The appeal to trade unionists launched by Jane Loftus, president of the CWU postal workers’ union, and Sue Bond, vice president of the PCS civil service workers’ union, is winning wide support.
The statement calls for solidarity with postal workers in their dispute and joint action across the unions to win over public sector pay.
In its first few days over 170 trade unionists added their names to the appeal. Postal workers, who are leading the fight in defence of public services and against low pay, have been at the forefront of adding their names to the statement.
Mark Baulch and John Farnan of the CWU national executive, Mark Palfrey, London divisional rep, Alan Smith, the area distribution rep West London Amal, Barry Nelson, the chair of London postal and counters branch, and Dave Morrison, CWU rep N1 have all signed.
Bob Cullen, the area processing rep of South Central No 1 CWU, and Kevin Duffy, the area delivery rep of South Central No 1 CWU, are among a host of other CWU activists who have also added their names.
Many post workers signed the statement on their picket lines – official and unofficial – during their strike last week.
Fourteen postal workers at Team Valley in Gateshead, whose unofficial strike last week forced management back from victimising their rep, signed the statement.

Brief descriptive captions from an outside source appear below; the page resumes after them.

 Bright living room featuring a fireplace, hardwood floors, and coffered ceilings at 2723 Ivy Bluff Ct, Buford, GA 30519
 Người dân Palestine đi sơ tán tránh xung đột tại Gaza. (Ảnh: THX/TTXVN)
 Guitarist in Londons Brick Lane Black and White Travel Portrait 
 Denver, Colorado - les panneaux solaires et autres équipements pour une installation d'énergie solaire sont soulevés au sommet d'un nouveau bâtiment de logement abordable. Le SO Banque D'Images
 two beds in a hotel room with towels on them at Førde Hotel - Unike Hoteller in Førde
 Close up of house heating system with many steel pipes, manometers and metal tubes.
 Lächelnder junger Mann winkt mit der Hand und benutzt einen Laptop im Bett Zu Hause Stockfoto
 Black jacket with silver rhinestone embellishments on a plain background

Six workers at Waterlooville delivery office in Hampshire also put their names to it during their strike.
A number of members of the PCS union have thrown their weight behind solidarity with the postal workers.
These include Lane Taylor, president of the revenue and customs branch at Euston Tower in London, Val Pearman of the British Library branch and Ian Barton, the branch secretary of Cambridge ETR.

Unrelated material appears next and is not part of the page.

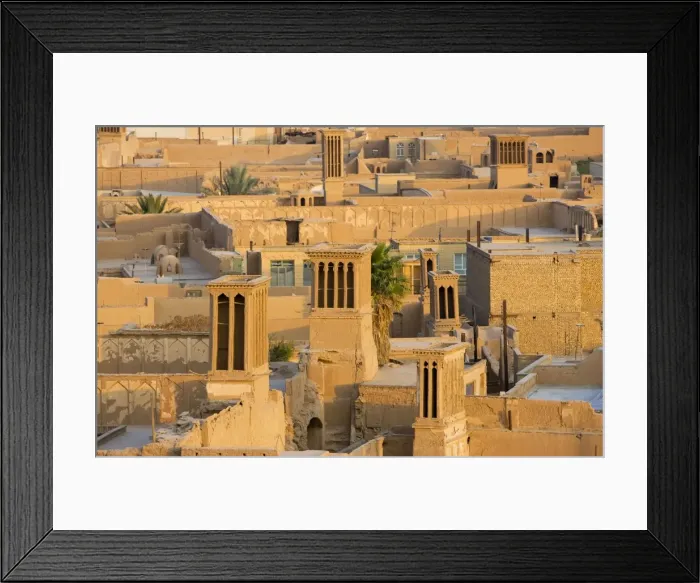 Framed Print : Wind towers, Yazd, Iran. The old town of Yazd showing wind towers, designed to catch breezes and funnel them down into the homes below as a form of cooling Framed Print : Wind towers, Yazd, Iran. The old town of Yazd showing wind towers, designed to catch breezes and funnel them down into the homes below as a form of cooling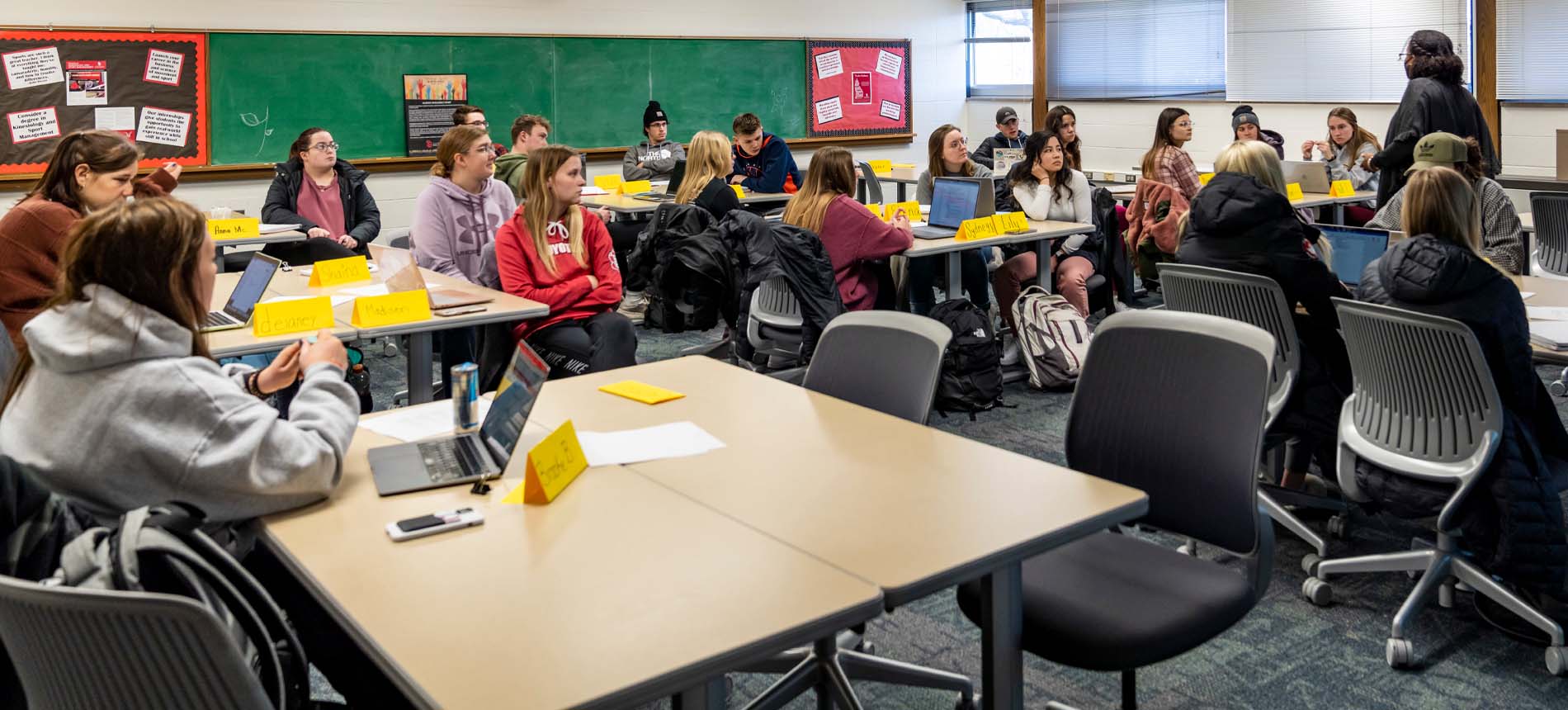 Teacher Lecturing to a Class of High School Students.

Other PCS members who signed include Hamish Drummond, the branch secretary of revenue and customs in Dundee. PCS national executive members Andy Reid and Paul Williams have also signed.
A number of PCS and CWU members signed the statement at a 100-strong unions-organised rally over public sector pay in Manchester last week.
Workers from a number of other unions have signed, including the Unison local government and health union, the RMT and TSSA rail workers’ unions, Unite, the UCU higher and further education union, the NUT teachers’ union, and others.
The statement has received support from workers in other parts of the world, including the Nehawu union in South Africa, which recently led a successful public sector strike over low pay and in defence of services.
Their statement said, “We hope that you can draw strength from this important working class victory. We would like to extend our solidarity to the CWU and PCS unions and all their members out on strike or considering taking strike action.”
The success of the statement so far shows the level of support for united action among grassroots workers. Make sure you add your name to the appeal.
All those who signed the joint action statement did so in a personal capacity.